CHAPITRE LVIII. DE LA MANIERE DE RECEVOIR LES FRÈRES EN RELIGION
Quelqu'un vient-il dans le but de mener la vie monastique, il ne faut pas s'empresser de l'y introduire, mais plutôt se conformer à l'avis de l'Apôtre " : Eprouvez ses dispositions, voyez si elles s'inspirent de Dieu." Lors donc que le nouveau venu persévère à frapper à la porte. Et que, devant les rebuffades et les difficultés qu'on oppose à son admission, il montre pendant quatre ou cinq jours autant de patience à les supporter que de persistance dans sa requête, ou lui donnera l'entrée et on le logera pour quelques jours à l'appartement des hôtes.

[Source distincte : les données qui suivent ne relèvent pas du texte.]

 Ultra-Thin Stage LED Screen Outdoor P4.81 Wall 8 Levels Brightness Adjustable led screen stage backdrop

Après quoi, il passera dans le quartier où se groupent les novices pour l'étude, les repas et le sommeil, sous la conduite d'un ancien qui ait le don de gagner les cœurs et qui exerce sur eux la vigilance la plus attentive. Et cette sollicitude a pour objet de s'assurer que le novice cherche véritablement Dieu, et qu'il se montre généreux dans le service divin, dans l'obéissance et dans les épreuves. Qu'on ne manque pas de l'avertir de tous les durs travaux et aspérités de la voie qui mène à Dieu.
S'il témoigne d'une constante volonté de se stabiliser, deux mois déjà s'étant écoulés, on lui donnera une explication suivie de la Règle, en ajoutant ces mots : " Telle est la loi sous laquelle vous désirez combattre : si vous êtes disposé à l'observer, allez plus avant ; si vous ne vous en croyez pas capable, vous êtes libre de vous retirer." S'il tient bon, qu'on le ramène au susdit quartier des novices pour le soumettre derechef à tous les exercices de la patience.

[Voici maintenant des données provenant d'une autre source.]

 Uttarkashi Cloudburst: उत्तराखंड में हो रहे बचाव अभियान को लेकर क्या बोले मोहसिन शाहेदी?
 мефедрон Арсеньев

Après un laps de six mois, on lui expose de nouveau la Règle, pour qu'il comprenne à quoi il s'engage. S'il demeure ferme, on lui lira une fois encore, au bout de quatre mois, ce texte de la Règle. Et si, en pleine maturité de conscience, il promet d'en garder tous les articles et d'accomplir tout ce qu'on lui ordonnera, il sera alors incorporé à la communauté, étant averti que l'autorité de la Règle inclut aussi, pour un profès, l'interdiction de quitter désormais le monastère et de secouer le joug de la vie régulière, qu'au terme de si longues réflexions il était à même de refuser ou d'accepter.

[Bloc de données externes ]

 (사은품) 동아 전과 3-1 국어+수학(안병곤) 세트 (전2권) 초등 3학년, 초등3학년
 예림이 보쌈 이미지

Le frère admis à la profession s'engagera publiquement dans l'oratoire à garder la stabilité, les mœurs monastiques et l'obéissance ; et si jamais il rompait ce pacte conclu en présence de Dieu et des Saints, il sentirait peser sur lui la réprobation de ce Dieu qu'il aurait bravé. Il rédigera cette promesse en forme de pétition au nom des Saints dont on possède les reliques, avec mention de la présence de l'abbé. Il écrira de sa propre main cette formule ; s'il ne sait les lettres, un autre à sa demande, l'écrira pour lui. Le novice appose sur la charte sa signature et la porte de ses propres mains sur l'autel. Après l'y avoir placée, il revient entonner le verset : Suscipe me, Domine, secundum eloquium tuum, et vivam ; et ne confundas me ab expectatione mea. Toute la communauté reprend par trois fois ce verset, ajoutant à la fin le Gloria Patri. Le nouveau profès se prosterne alors aux pieds de chacun des frères, leur demandant de prier pour lui, et, à dater de ce jour, il est traité comme membre de la communauté.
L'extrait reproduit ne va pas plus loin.